Daily Kos

Bush to defy troop withdrawal legislation

Sun Feb 25, 2007 at 06:51:54 PM PDT

Just so you know:

Secretary of State Condoleezza Rice urged the Democratic-controlled Congress not to interfere in the conduct of the Iraq war today and suggested President George W. Bush would defy troop withdrawal legislation.

Many of you likely know this already from having watched the Sunday shows. And many of you knew it even without hearing it again today.

Of course, Democrats pushed back to some extent, too:

But Sen. Carl Levin, chairman of the Senate Armed Services Committee, said lawmakers would step up efforts to force Bush to change course. "The president needs a check and a balance," said Levin, D-Mich.

I agree. He needs a check and balance. And while I applaud Levin's efforts, I do so only because I know they kick the can further down the road we all know we're bound to travel here. Senator Levin says the president needs a check and balance, but I don't think he's hearing Secretary Rice. The president will defy your legislation.

The president will defy your legislation.

Now, that doesn't mean this isn't something Levin and his colleagues aren't going to want to see for themselves. But time's a-wastin'. Let's get this show on the road, already. We know what's going to happen, and we know what your choices are going to be at the end of the road: roll over, or impeach.

How do we know? Well, Rice says so. On what basis? Well, to the extent that she needs a basis for a statement like that, she's probably pointing to the fact that this "administration" believes Congress is literally powerless to stop the war.

Levin and his colleagues propose to repeal the 2002 AUMF, replacing it with a resolution that would restrict the use of American forces in Iraq and eventually force a withdrawal. On what grounds does the president plan to defy this? Well, he's got a multilayered strategy available to him. For one thing, he could opt to fall back on the 2001 AUMF -- the one originally passed to authorize the use of force in Afghanistan -- by claiming (as he's already done on numerous occasions) that Iraq is part of the greater war on terror, and that since al Qaeda is (now) operating in Iraq, the 2001 AUMF authorizes our continued presence there.

But couldn't we then amend the 2001 AUMF? Sure, assuming you could get the votes for it. But dig this: Bush doesn't think he needs the 2001 AUMF either. John Yoo tells us why:

In both the War Powers Resolution and the Joint Resolution [the AUMF], Congress has recognized the President's authority to use force in circumstances such as those created by the September 11 incidents.

Recognized. Not granted.

Neither statute, however, can place any limits on the President's determinations as to any terrorist threat, the amount of military force to be used in response, or the method, timing, and nature of the response. These decisions, under our Constitution, are for the President alone to make.

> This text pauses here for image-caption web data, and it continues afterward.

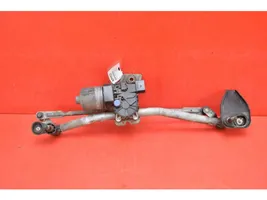 Opel Astra H Front wiper linkage and motor 13271686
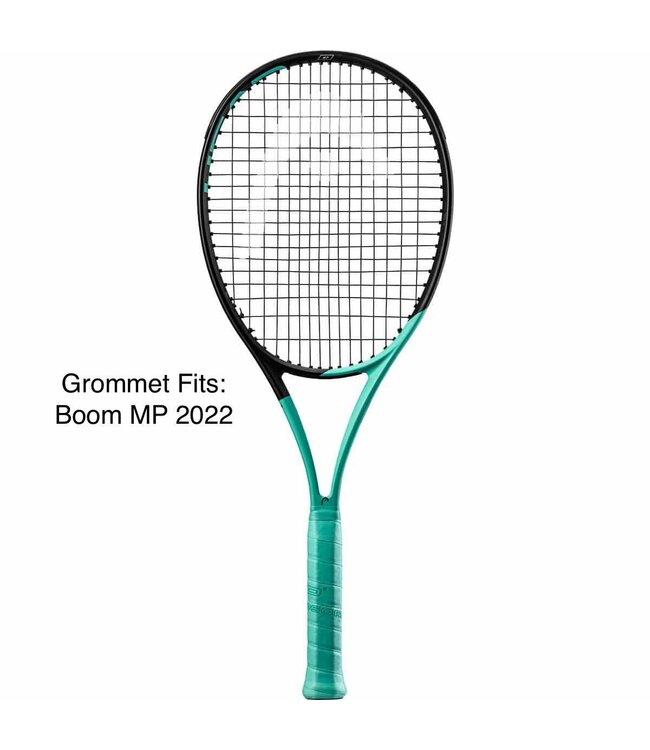 Head/Penn GT Head Boom MP 2022 Auxetic (Teal/Black)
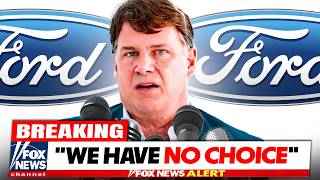 Ford Ceo ‘Every Ford Dealership Will Be SHUT DOWN [upl. by Dilahk71]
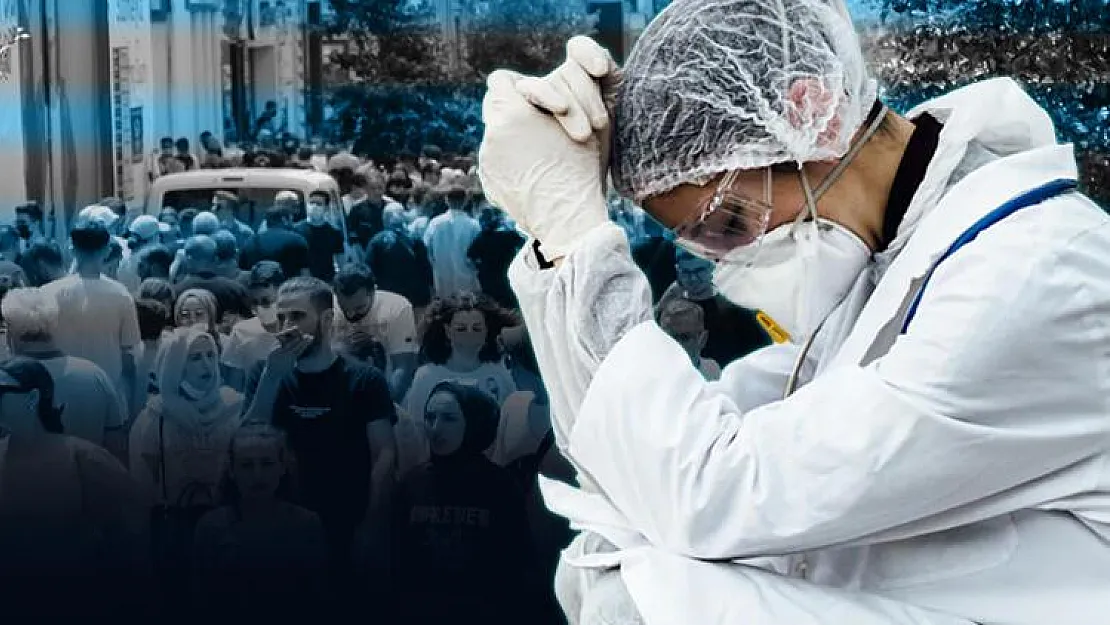 Omicron varyantını önceden bilen doktor herkesi şoke eden yeni tehdidi açıkladı! İşte çok konuşulacak açıklamalar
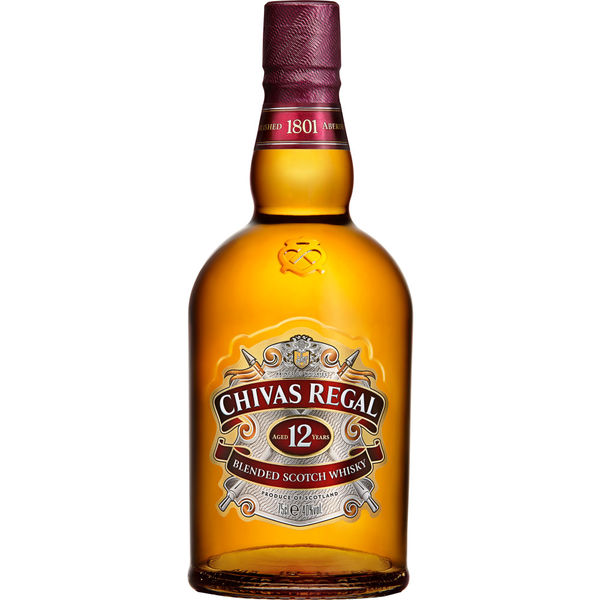 Chivas Regal 12 Years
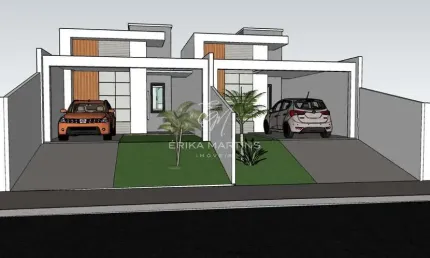 Casa com 3 quartos à venda no Residencial Visão, Lagoa Santa 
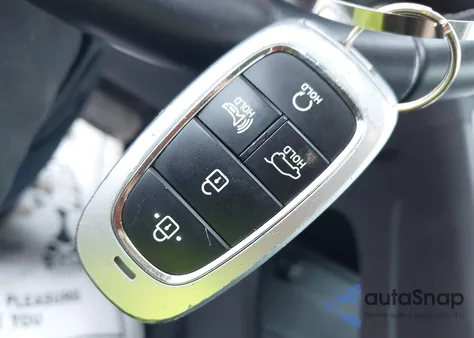 2023 Hyundai Santa Fe Sel from USA, damaged, VIN 5NMS2DAJXPH484951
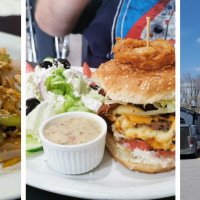 Claremont Country Depot/Restaurant (Thai, Indian, Pizza etc)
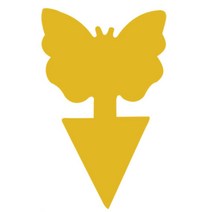 화분 해충 퇴치 진딧물제거 끈끈이 해충퇴치트랩, 화분벌레퇴치끈끈이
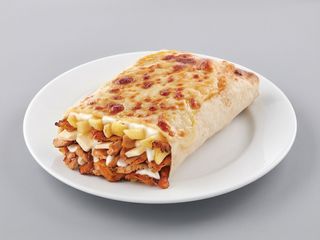 Menu Taco seek kabab Al Horno 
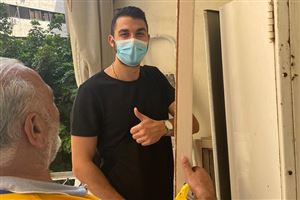 FAAD NDUers Volunteer in the Back Home Campaign  8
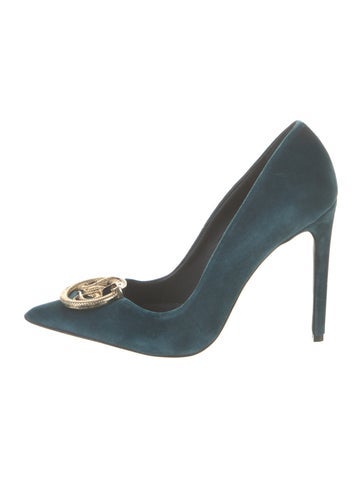 Just Cavalli Pumps Velvet Us9, It39 | 9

If this strikes you as familiar, it may be because I've shown it to you before.

And the same conclusion holds now as held then:

Yoo's theories having reduced Congress to a cipher, from the White House point of view, it hardly makes a difference how they opt to wait out the last two years of Bush's term.

If they'd like to spend it methodically demonstrating Yoo's point for the American public, that option is open to them, and the path runs through Congressional "oversight," subpoenas, repeal of the AUMF and all the other goodies that have been dangled before us as "alternatives" to impeachment.

Again, I applaud the effort to the extent that it hastens the inevitable, but I told you a month ago (and, for the record, several times before that) what Bush's response to this -- and everything else in the Democratic arsenal -- was going to be, and it'll be another month before Levin even puts himself in a position to get that answer.

Yes, I know impeachment is "off the table." But we'll cross paths with it soon enough, since Bush keeps pulling our chairs out from under us.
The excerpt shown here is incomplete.